Die übergroße Mehrheit der befristeten Verträge läuft demnach nur für kurze Zeit: Gut 42 Prozent sind auf sieben bis zwölf Monate befristet, gut ein Viertel lediglich bis zu sechs Monaten. Für 44 Prozent der befristet Beschäftigten folgte 2022 die Übernahme in ein reguläres Beschäftigungsverhältnis ohne Verfallsdatum. Doch längst nicht immer steht am Ende das Happy End.
Ein Drittel der befristeten Arbeitsverträge wurden 2022 verlängert – mit weiteren Befristungen. Für 22 Prozent lief das Arbeitsverhältnis ganz aus. Das bedeutet: Insgesamt wurden 2022 mehr Verträge befristet, verlängert oder beendet, als dass Übernahmen in unbefristete Arbeitsverhältnisse erfolgten. Befristet Beschäftigte arbeiten zudem deutlich häufiger im Niedriglohnbereich. Ist in der Gesamtwirtschaft etwa jeder fünfte Beschäftigte von Niedriglöhnen betroffen, ist es unter den befristet Beschäftigten jeder dritte.
Von den sozialversicherungspflichtigen Neueinstellungen waren den Zahlen zufolge 2022 insgesamt 30 Prozent befristet. Überdurchschnittlich oft von Befristungen betroffen sind sowohl Personen mit akademischem Grad, als auch Menschen ohne Bildungsabschluss, besonders junge und besonders alte Arbeitnehmer sowie Menschen mit ausländischem Hintergrund.
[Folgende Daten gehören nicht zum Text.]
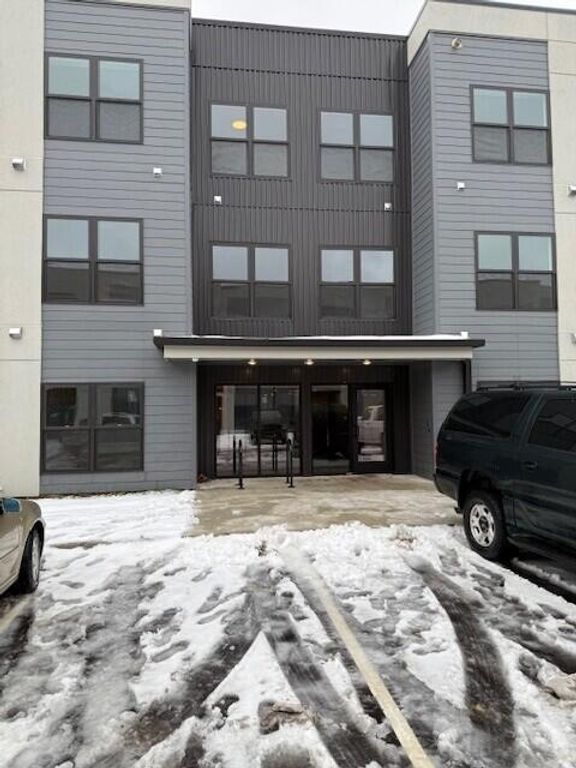 2645 Burton Road Bld 4, Ann Arbor, MI 48104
Linksfraktion-Vorsitzende Ferschl fordert: Sachgrundlose Befristungen streichen
Susanne Ferschl, stellvertretende Vorsitzende der Linksfraktion im Bundestag, sagte unserer Redaktion: "Die anhaltend hohe Zahl der Befristungen ist alarmierend und passt so gar nicht zum beklagten Fachkräftemangel. Arbeitsverträge mit Verfallsdatum sind ein gezieltes Mittel, das Arbeitsrecht zu schleifen und Beschäftigte zu disziplinieren." Das permanente Gefühl, auf der Abschussliste zu stehen, sorge dafür, "dass man so einiges einsteckt, um die Arbeit nicht zu verlieren", fügte Ferschl hinzu.
Befristungen seien mit dem Schutzbedürfnis Millionen Beschäftigter nicht vereinbar. Denn es verstoße "gegen jedes Verständnis von guter Arbeit, Arbeitsverträge ohne Vorliegen eines Grundes zu befristen". Von der Bundesregierung fordert Ferschl: "Die Möglichkeit, einen Arbeitsvertrag sachgrundlos zu befristen, ist ersatzlos aus dem Teilzeit- und Befristungsgesetz zu streichen."